__What the exercise asks__. Drop the pictures, then extract the listing word for word.

__Supplied material__.
----

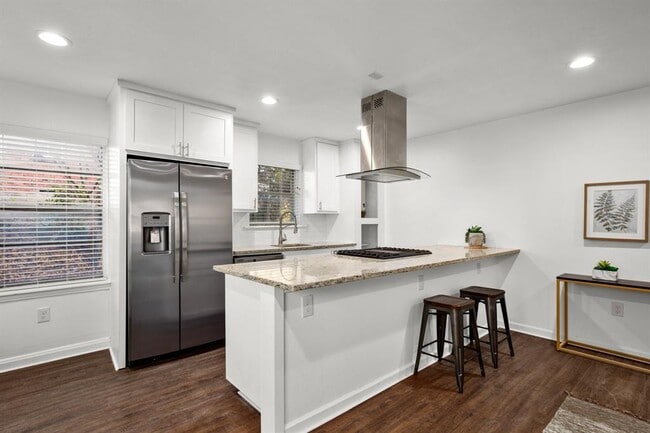 Foto del edificio - 301 E 33rd St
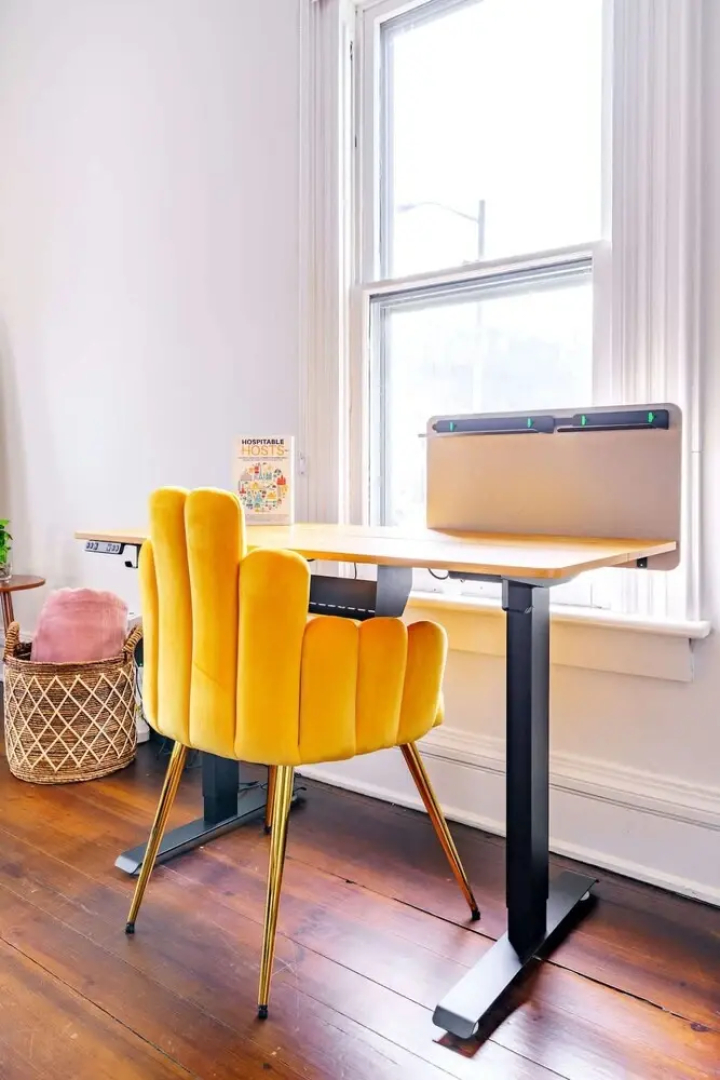 Prime Location Top Rated Clean Parking Free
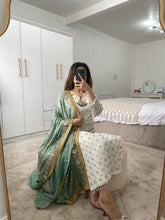 Load image into Gallery viewer, Defective Mint (Immediate Dispatch)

----

__Completed task__.
 Foto del edificio - 301 E 33rd St
 Prime Location Top Rated Clean Parking Free
 Load image into Gallery viewer, Defective Mint (Immediate Dispatch)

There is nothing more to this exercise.